■ Exercise material:
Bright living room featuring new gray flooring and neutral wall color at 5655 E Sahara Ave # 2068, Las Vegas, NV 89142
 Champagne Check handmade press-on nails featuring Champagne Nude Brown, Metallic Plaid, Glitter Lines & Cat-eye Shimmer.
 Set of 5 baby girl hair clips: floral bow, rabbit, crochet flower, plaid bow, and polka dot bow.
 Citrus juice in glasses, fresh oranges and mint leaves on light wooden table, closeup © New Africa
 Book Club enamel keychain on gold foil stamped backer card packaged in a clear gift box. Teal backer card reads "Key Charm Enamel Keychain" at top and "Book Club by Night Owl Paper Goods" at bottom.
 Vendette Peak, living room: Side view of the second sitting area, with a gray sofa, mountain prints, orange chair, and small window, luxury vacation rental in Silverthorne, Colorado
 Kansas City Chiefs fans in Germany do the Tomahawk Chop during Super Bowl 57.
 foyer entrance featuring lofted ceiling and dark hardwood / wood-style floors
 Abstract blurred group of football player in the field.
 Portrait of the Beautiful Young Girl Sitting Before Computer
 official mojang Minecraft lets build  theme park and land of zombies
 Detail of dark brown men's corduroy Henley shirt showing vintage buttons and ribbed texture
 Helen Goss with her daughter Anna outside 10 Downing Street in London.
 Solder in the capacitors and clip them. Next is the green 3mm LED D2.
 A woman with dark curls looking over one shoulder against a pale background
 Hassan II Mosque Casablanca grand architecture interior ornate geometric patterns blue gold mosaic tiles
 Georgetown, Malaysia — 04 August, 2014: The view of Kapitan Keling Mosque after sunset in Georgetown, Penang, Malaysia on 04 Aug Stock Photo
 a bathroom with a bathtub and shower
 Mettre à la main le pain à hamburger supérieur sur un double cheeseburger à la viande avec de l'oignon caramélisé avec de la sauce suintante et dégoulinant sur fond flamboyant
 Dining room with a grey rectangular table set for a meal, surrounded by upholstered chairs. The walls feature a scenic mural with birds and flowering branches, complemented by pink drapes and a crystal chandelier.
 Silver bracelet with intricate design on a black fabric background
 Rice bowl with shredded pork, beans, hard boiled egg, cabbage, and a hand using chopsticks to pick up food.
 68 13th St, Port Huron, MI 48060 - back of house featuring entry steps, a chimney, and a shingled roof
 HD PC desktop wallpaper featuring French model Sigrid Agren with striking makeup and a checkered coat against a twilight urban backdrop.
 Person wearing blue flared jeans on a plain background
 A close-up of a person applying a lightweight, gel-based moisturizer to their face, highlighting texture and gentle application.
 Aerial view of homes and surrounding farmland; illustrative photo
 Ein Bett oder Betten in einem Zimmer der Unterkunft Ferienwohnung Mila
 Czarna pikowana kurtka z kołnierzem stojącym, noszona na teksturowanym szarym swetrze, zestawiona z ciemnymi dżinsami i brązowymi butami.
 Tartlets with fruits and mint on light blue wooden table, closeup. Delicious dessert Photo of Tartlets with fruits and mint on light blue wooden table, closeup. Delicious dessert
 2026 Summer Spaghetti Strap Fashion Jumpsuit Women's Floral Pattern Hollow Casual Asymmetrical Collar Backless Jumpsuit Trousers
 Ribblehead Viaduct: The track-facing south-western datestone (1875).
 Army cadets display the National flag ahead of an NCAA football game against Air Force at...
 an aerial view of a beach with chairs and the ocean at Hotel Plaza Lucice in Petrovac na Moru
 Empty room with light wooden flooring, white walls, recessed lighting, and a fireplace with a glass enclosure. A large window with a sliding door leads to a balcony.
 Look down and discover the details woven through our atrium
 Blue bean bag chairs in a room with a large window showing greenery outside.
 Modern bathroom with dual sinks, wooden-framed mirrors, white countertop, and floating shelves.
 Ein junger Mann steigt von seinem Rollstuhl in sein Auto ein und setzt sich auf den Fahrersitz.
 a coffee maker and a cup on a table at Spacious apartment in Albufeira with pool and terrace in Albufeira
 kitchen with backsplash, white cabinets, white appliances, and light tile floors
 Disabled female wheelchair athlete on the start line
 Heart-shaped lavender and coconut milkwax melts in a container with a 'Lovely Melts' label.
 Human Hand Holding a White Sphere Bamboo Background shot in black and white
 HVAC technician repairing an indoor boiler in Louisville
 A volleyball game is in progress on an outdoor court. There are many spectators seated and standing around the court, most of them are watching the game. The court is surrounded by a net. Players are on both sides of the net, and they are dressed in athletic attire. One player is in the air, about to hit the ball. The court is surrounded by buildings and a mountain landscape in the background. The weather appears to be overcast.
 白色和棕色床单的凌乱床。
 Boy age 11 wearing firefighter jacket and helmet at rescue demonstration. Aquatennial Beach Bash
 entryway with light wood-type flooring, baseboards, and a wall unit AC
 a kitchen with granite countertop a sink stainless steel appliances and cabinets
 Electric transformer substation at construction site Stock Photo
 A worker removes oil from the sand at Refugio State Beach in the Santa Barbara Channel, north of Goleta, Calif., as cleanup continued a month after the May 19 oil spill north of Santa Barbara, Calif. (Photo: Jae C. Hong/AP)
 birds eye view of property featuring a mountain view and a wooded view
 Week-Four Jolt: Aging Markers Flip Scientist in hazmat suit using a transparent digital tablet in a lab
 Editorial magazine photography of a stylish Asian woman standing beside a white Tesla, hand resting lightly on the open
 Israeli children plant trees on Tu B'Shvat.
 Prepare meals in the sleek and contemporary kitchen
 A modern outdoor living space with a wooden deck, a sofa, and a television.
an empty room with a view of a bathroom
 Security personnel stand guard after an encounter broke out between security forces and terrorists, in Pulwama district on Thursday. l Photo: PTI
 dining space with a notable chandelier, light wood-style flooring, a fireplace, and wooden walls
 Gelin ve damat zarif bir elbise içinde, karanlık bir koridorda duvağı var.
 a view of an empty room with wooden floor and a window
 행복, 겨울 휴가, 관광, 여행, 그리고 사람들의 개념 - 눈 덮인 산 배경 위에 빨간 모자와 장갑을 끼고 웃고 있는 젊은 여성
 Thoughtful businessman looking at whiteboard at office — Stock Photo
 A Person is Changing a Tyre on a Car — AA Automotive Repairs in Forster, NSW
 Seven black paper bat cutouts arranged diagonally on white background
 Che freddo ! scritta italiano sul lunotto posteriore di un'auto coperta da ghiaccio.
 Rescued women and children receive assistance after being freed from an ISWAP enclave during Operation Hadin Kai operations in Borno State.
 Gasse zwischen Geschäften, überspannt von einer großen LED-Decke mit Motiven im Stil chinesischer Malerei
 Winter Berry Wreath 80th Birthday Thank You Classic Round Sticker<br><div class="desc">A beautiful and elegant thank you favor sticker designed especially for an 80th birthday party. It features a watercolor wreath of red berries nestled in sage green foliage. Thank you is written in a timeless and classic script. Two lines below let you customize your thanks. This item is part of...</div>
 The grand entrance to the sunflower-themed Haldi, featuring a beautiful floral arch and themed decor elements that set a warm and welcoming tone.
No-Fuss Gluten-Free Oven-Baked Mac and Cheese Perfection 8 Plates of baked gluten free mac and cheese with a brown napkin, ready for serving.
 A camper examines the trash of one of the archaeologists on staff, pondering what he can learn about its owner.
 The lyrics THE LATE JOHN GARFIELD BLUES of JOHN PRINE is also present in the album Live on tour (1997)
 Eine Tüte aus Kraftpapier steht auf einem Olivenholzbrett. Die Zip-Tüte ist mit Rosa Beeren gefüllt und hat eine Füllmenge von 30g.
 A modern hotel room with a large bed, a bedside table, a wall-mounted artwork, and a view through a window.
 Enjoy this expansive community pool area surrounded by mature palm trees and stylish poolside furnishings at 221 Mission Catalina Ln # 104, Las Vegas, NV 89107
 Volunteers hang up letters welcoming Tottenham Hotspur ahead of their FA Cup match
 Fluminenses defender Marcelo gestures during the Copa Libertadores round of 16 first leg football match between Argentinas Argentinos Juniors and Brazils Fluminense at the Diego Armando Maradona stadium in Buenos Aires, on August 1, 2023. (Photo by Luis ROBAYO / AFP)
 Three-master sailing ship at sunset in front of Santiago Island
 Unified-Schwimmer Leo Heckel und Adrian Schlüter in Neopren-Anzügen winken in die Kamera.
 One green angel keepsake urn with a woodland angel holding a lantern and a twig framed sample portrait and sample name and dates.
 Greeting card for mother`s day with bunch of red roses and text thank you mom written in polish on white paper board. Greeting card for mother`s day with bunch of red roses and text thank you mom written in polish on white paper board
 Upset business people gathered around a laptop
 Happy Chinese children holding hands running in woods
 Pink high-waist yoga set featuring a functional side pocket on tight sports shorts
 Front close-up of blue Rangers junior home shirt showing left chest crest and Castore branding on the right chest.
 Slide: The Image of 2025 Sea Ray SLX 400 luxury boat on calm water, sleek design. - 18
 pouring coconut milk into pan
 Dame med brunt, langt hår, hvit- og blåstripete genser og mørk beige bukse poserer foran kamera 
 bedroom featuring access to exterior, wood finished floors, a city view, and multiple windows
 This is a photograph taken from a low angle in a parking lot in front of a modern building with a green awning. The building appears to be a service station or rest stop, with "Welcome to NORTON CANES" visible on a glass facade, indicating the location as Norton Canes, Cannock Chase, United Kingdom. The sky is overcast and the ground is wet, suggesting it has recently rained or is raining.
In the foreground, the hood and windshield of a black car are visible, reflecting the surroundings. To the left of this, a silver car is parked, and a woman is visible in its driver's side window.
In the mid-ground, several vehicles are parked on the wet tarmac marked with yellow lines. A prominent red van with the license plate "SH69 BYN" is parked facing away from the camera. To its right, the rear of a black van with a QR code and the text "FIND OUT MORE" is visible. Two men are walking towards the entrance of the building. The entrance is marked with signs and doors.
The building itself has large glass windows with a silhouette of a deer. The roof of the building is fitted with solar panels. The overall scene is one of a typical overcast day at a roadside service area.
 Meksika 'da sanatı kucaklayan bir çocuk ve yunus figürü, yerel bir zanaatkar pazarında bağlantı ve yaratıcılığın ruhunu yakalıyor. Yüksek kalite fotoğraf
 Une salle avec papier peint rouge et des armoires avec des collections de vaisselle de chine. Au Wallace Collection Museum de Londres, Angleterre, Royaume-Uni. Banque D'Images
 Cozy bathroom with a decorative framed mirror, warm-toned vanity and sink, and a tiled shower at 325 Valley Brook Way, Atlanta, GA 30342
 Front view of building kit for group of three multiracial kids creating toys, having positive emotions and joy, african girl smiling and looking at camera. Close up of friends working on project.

■ Assigned task: Copy each line above where the string "birds" occurs.

■ Problem solution:
 Dining room with a grey rectangular table set for a meal, surrounded by upholstered chairs. The walls feature a scenic mural with birds and flowering branches, complemented by pink drapes and a crystal chandelier.
 birds eye view of property featuring a mountain view and a wooded view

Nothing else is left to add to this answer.